DIRECTIONS FOR THIS TASK:
Write each line below back out exactly, omitting its pictures.

SUPPLIED MATERIAL:
################

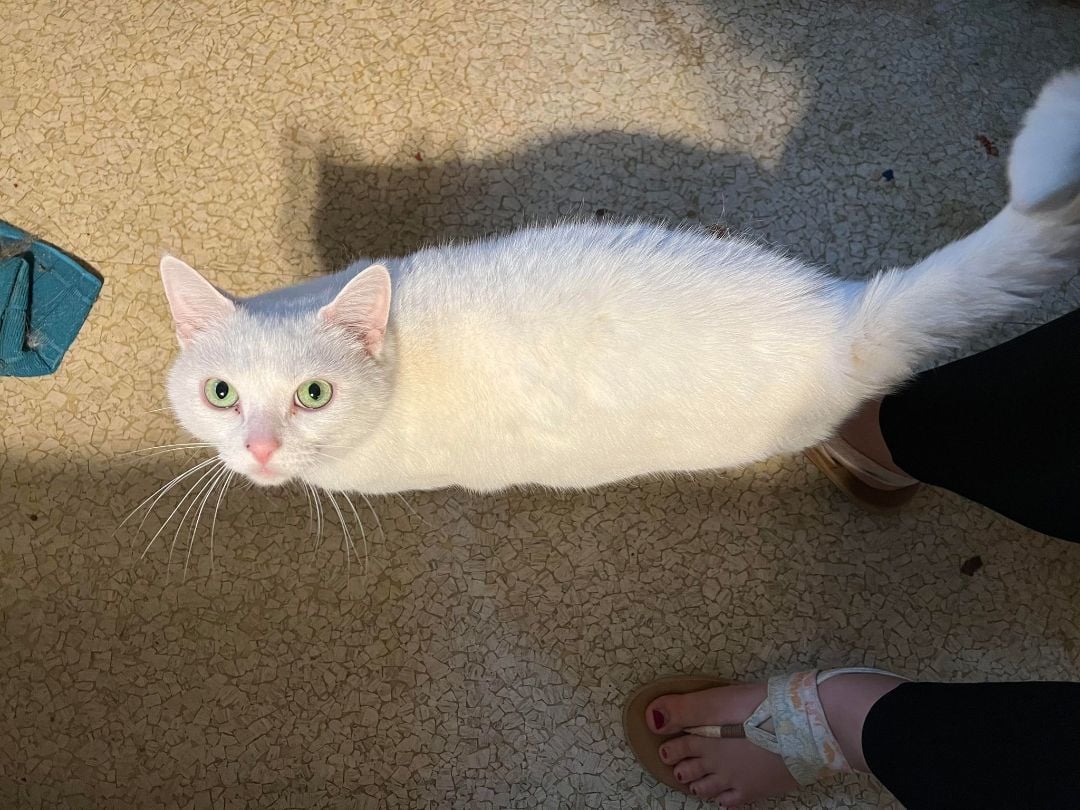 Artemis & Athena (Courtesy Post)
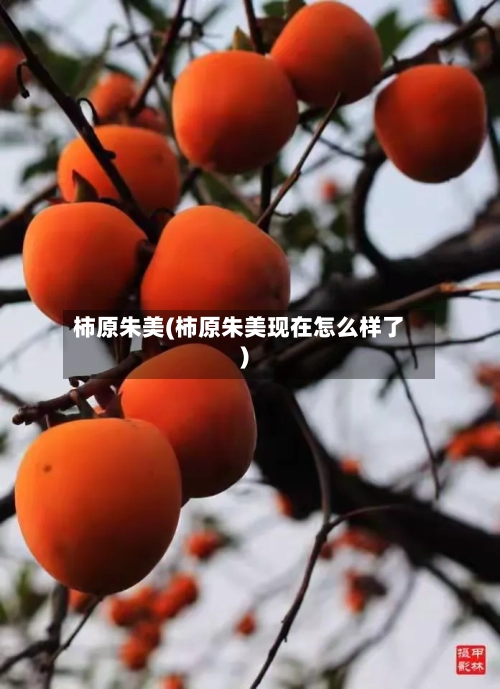 柿原朱美(柿原朱美现在怎么样了)-第2张图片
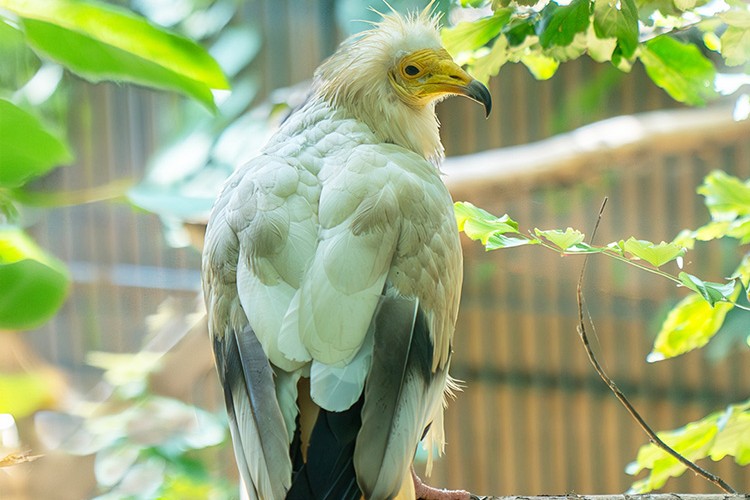 FYZoo'da Akbaba Farkındalık Günü!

################

OUTPUT FOR THIS TASK:
 Artemis & Athena (Courtesy Post)
 柿原朱美(柿原朱美现在怎么样了)-第2张图片
 FYZoo'da Akbaba Farkındalık Günü!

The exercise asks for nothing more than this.